Work to complete: In the records below, repeat exactly the lines between the line holding "Полотенцесушитель электрический Terminus" and the line holding "- изображение 4", inclusive, and drop the pictures.

Source data:

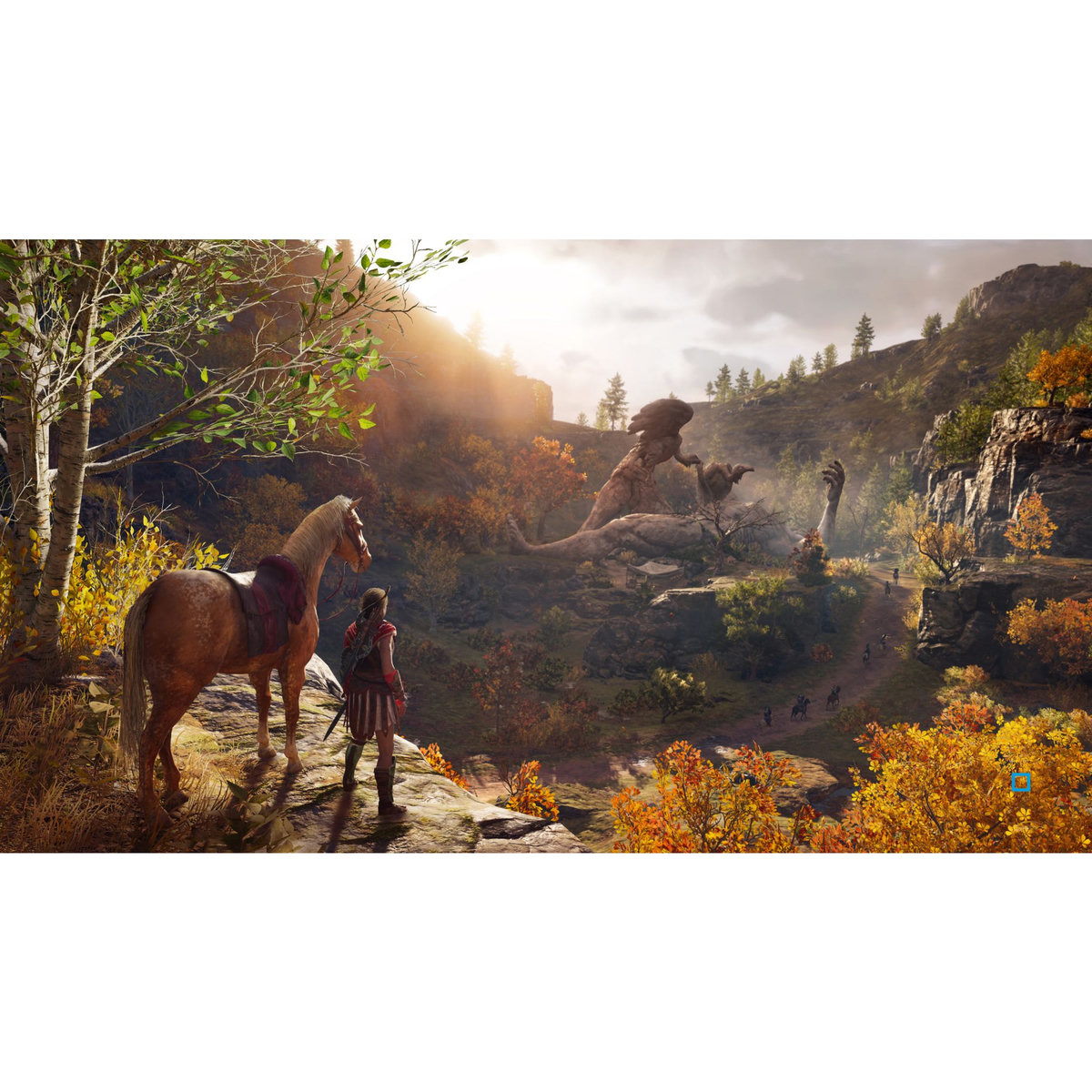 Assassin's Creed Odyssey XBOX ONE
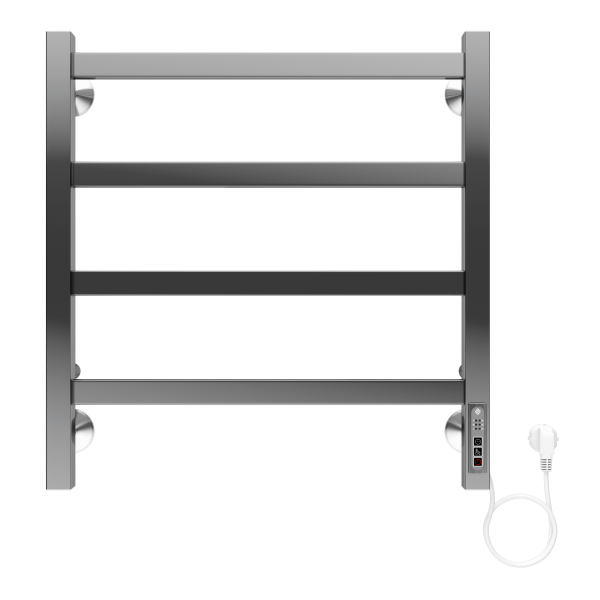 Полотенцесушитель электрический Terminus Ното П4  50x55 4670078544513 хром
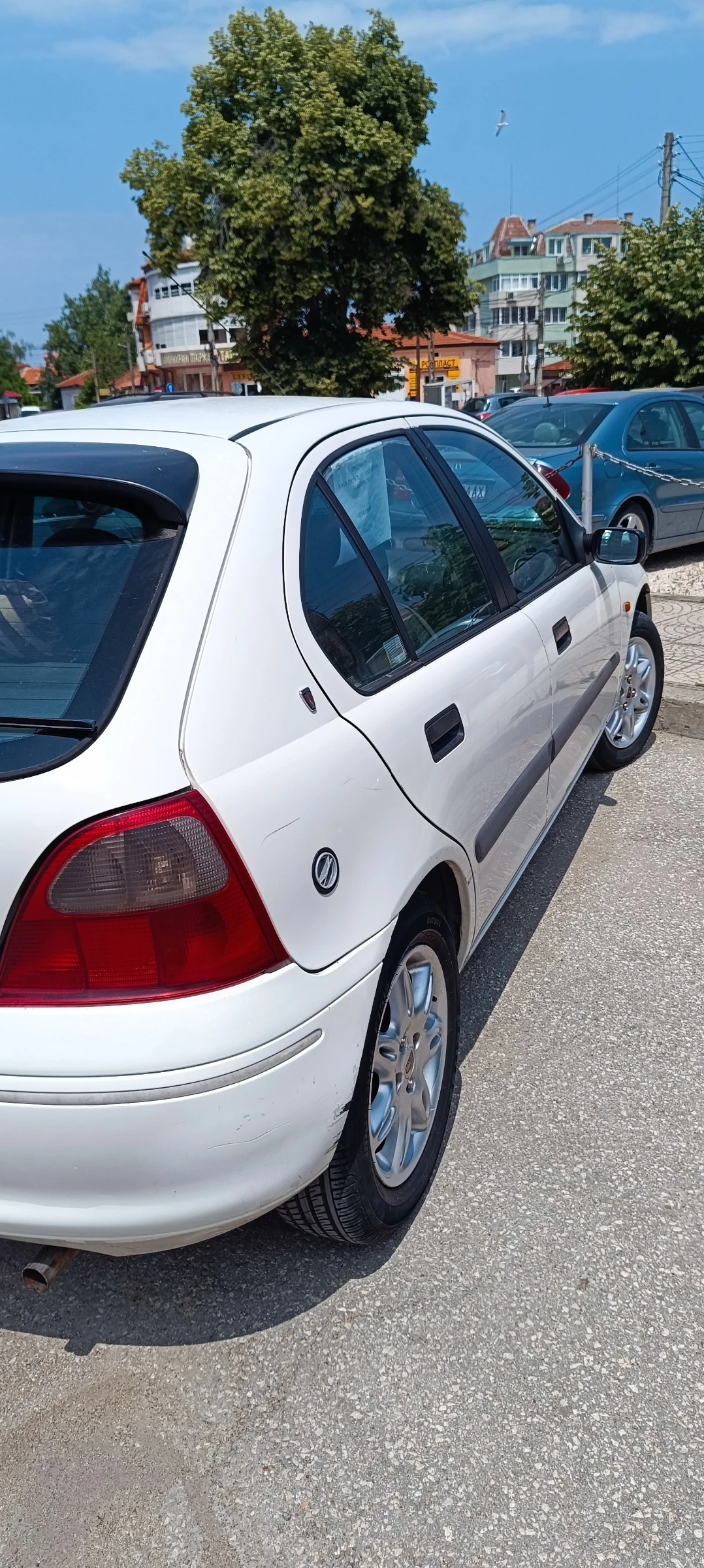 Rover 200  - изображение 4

* * *

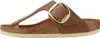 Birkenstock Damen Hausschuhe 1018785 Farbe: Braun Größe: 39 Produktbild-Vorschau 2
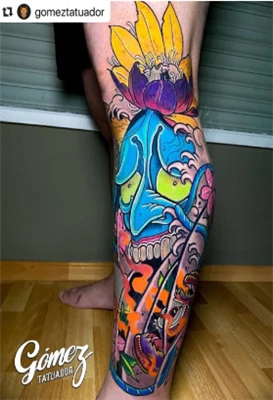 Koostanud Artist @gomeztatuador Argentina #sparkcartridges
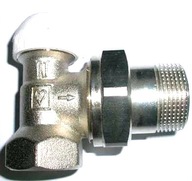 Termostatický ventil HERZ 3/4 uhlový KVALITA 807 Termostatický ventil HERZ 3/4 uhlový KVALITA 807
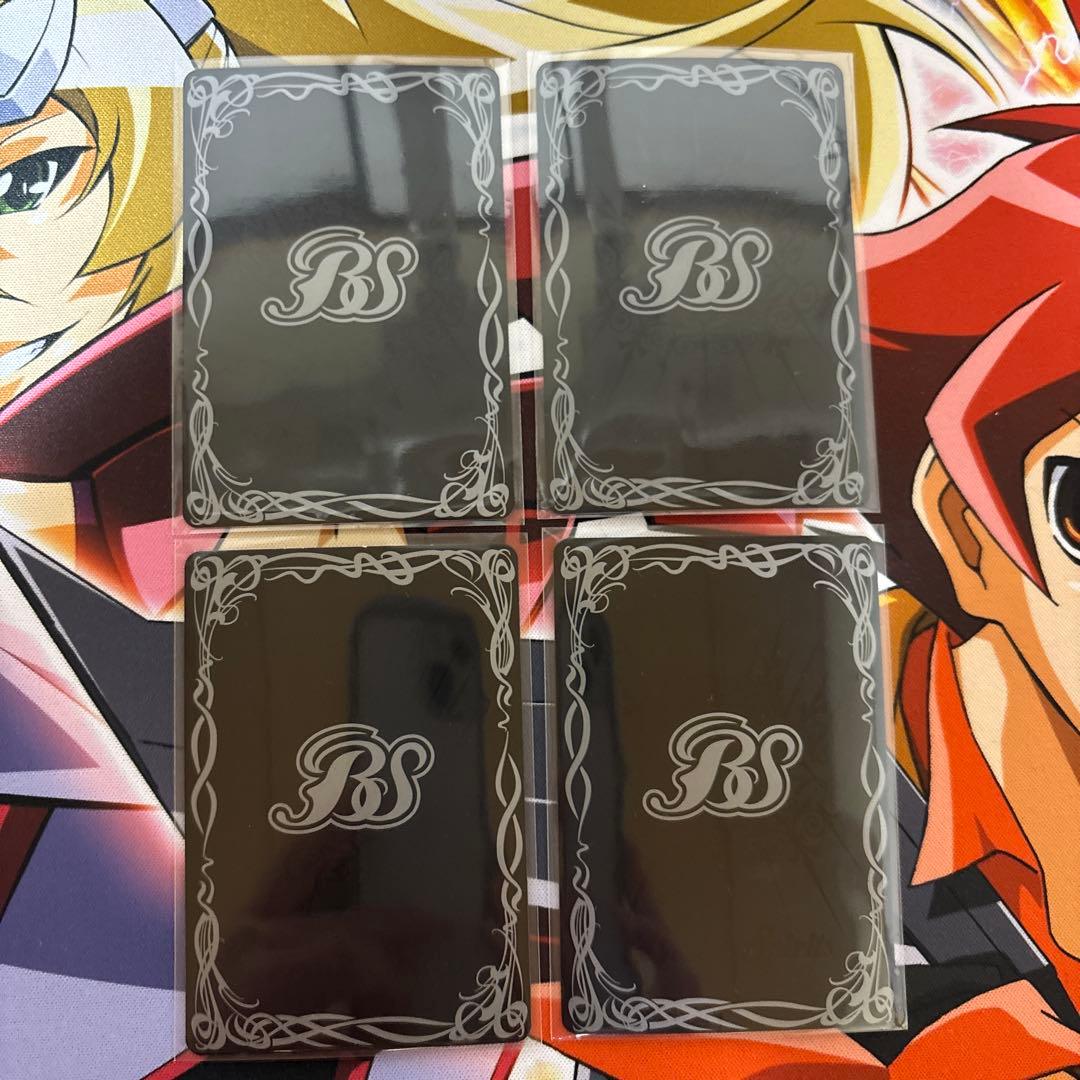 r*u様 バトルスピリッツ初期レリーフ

Problem solution:
 Полотенцесушитель электрический Terminus Ното П4  50x55 4670078544513 хром
 Rover 200  - изображение 4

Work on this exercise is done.